Multi-gliders have been widely deployed as an array in nowadays ocean observation for fine and long-term ocean research, especially in deep-sea exploration. However, the strong, variable ocean currents and the delayed information feedback of gliders are remaining huge challenges for the deployment of glider arrays which may cause that the observed data cannot meet the study needs and bring a prohibitive cost. In this paper, we develop a Glider Simulation Model (GSM) based on the support vector regression with the particle swarm optimization (PSO)-SVR algorithm to integrate the information feedback from gliders and ocean current data for rapid modeling to effectively predict the gliders’ trajectories. Based on the real-time predictive information of the trajectories, each glider can select future movement strategies.
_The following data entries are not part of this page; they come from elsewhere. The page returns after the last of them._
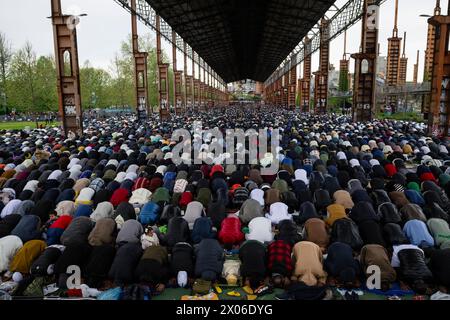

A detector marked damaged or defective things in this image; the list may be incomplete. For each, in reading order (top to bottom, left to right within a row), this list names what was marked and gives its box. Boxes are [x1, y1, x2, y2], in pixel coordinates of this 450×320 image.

rusty steel column [50, 0, 83, 136]
rusty steel column [130, 0, 149, 121]
rusty steel column [350, 0, 378, 122]
rusty steel column [384, 0, 402, 109]
rusty steel column [426, 2, 450, 136]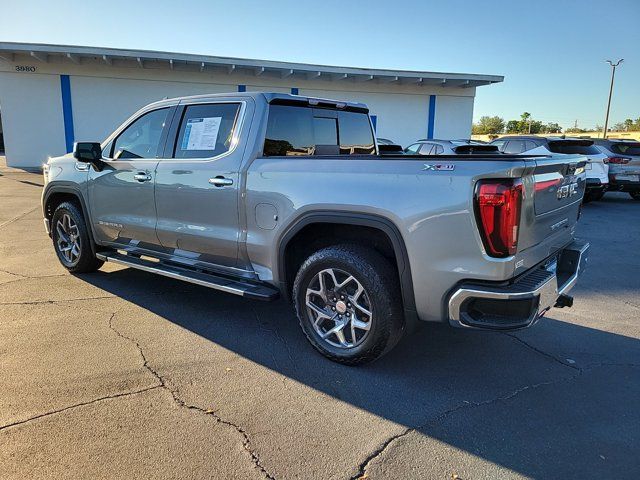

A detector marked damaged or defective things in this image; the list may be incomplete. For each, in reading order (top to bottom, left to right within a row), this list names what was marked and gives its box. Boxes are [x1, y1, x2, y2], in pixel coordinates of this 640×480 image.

pavement crack [0, 384, 159, 434]
pavement crack [108, 312, 278, 480]
pavement crack [348, 370, 584, 478]
pavement crack [504, 334, 580, 372]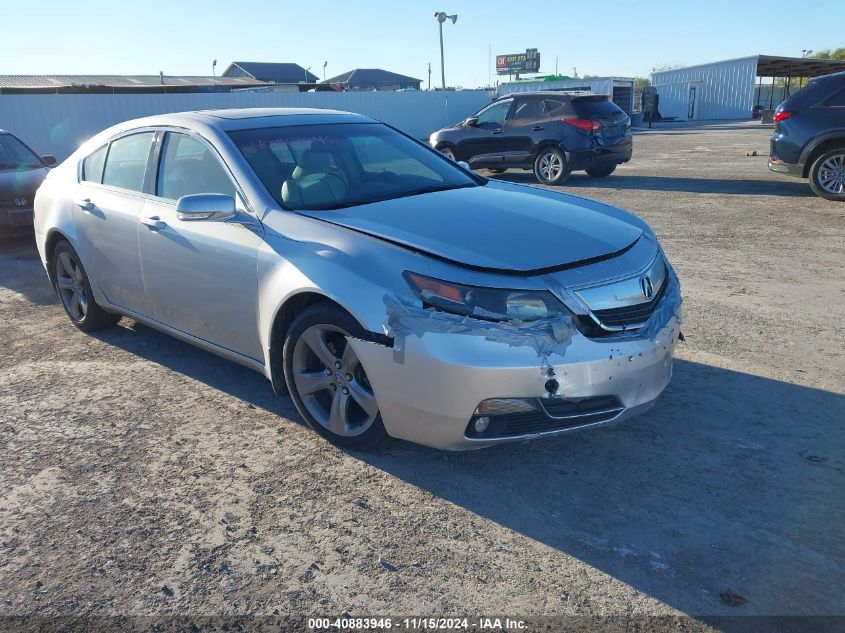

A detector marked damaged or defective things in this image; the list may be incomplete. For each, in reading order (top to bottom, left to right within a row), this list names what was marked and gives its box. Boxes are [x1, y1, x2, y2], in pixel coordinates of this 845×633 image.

cracked headlight [404, 270, 568, 320]
front bumper damage [346, 272, 684, 450]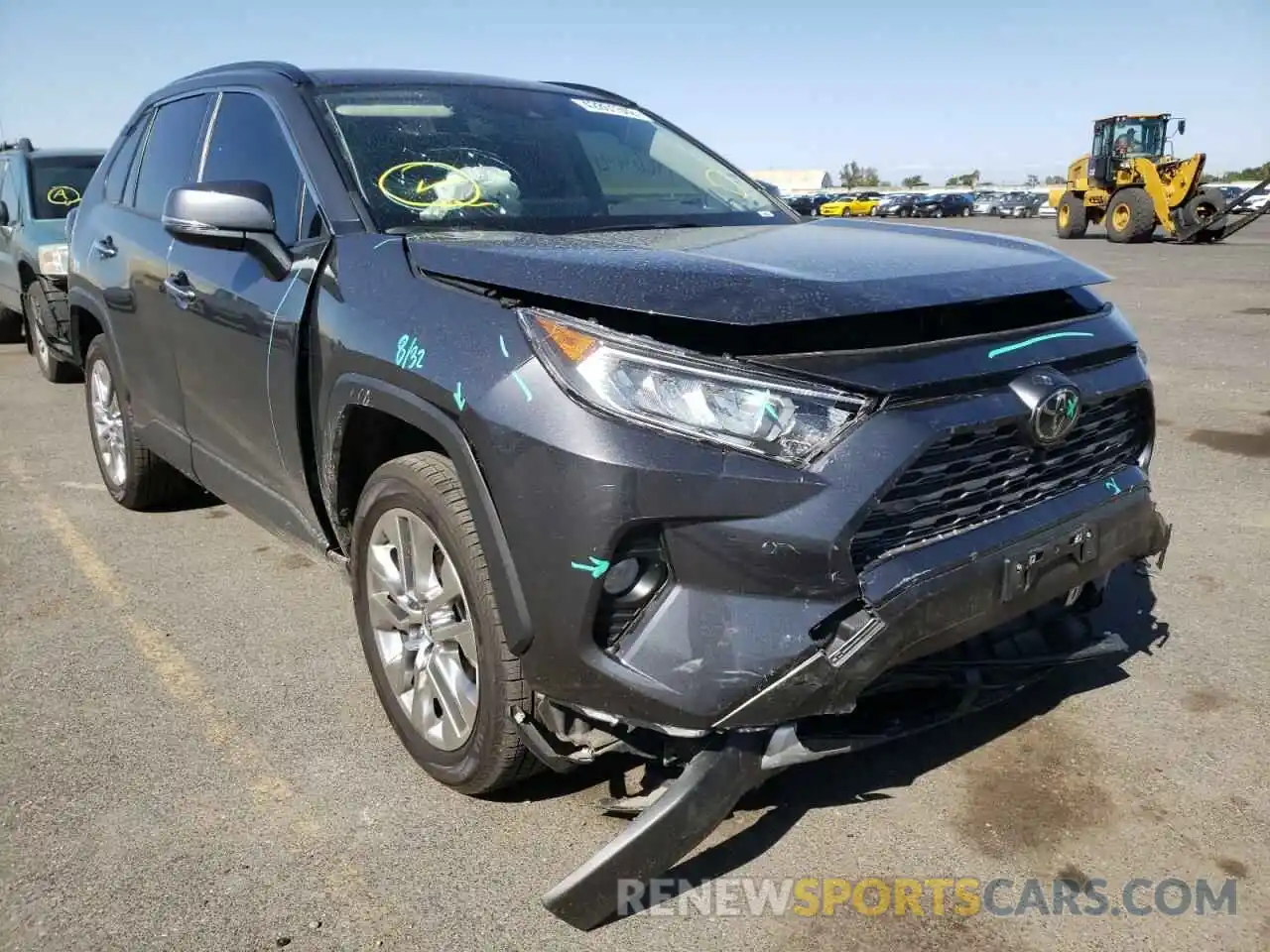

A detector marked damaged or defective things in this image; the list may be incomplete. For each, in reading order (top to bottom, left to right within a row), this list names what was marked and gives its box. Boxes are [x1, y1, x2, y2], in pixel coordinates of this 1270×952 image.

damaged front bumper [541, 492, 1173, 934]
detached bumper piece on ground [541, 508, 1173, 934]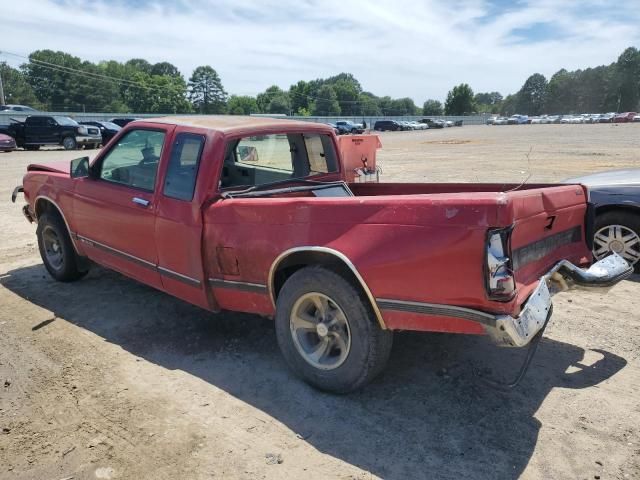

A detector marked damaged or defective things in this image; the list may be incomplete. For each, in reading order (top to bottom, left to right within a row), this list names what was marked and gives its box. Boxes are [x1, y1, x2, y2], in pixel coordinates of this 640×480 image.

damaged rear bumper [488, 253, 632, 346]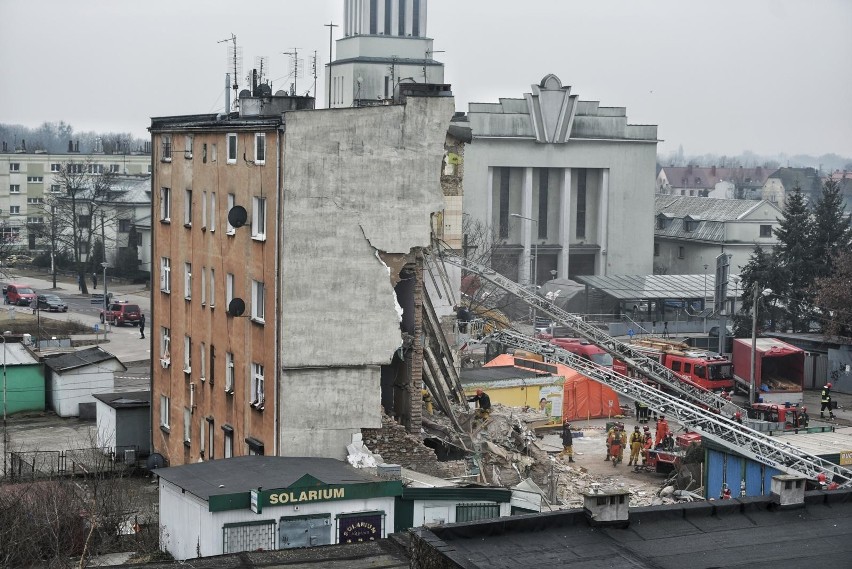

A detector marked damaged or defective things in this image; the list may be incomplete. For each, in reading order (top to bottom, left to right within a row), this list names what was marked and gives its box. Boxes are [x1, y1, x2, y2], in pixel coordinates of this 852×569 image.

damaged apartment building [149, 76, 456, 466]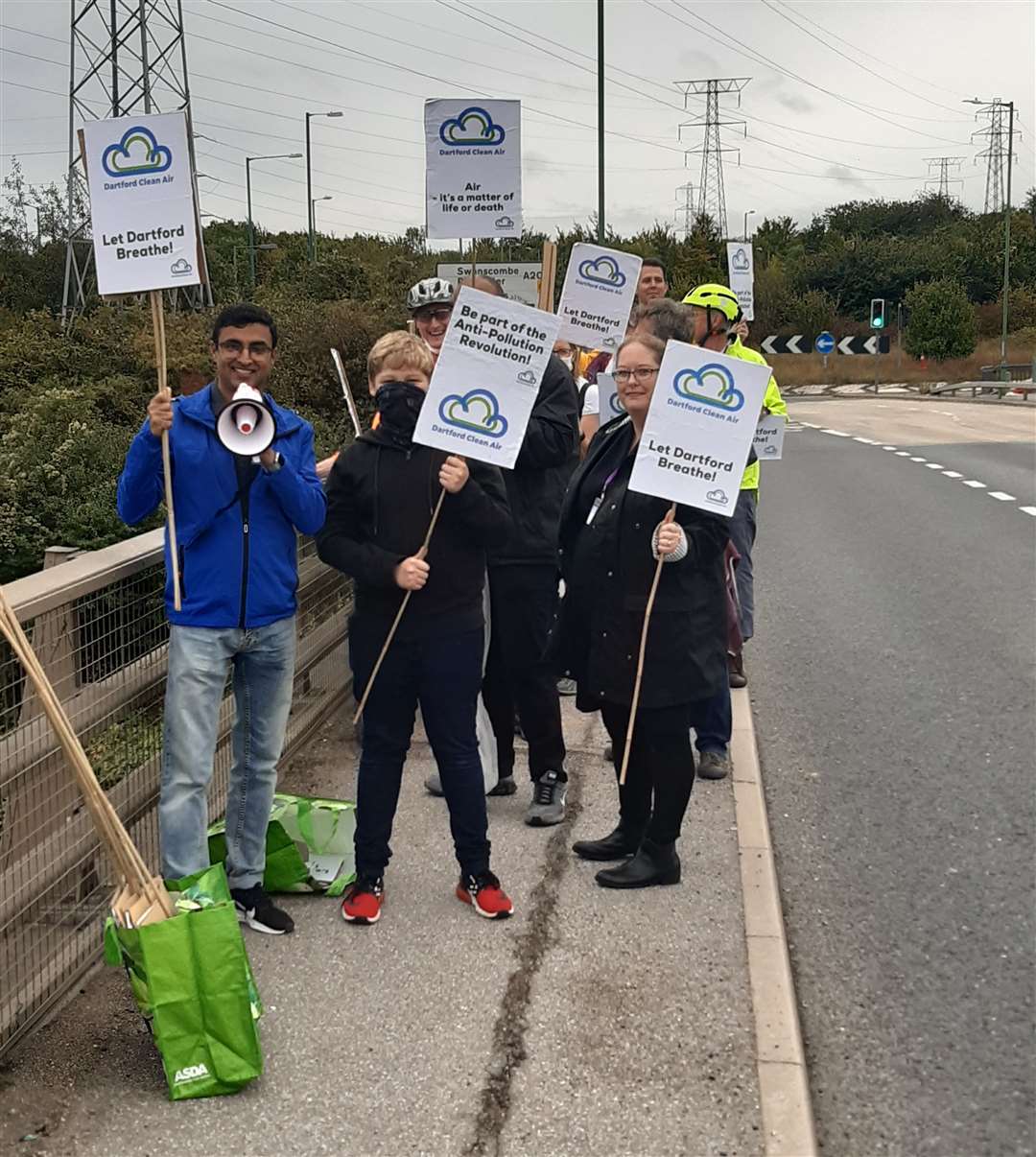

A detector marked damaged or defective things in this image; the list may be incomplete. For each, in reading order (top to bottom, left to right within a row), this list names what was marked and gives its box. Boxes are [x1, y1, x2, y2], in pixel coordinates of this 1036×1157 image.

We utilize the in-suit datasets obtained by sea-wing gliders in ocean observation to train and test the simulation model. The results show that GSM has an effective and stable performance. The information obtained from the modeling approaches can be utilized for the optimization of the deployment of the glider arrays.

Highlights

  • Underwater gliders are characterized as a type of persistent, long operation range, small power consumption, and unmanned marine vehicle which are propelled by buoyancy (Rudnick et al, 2004)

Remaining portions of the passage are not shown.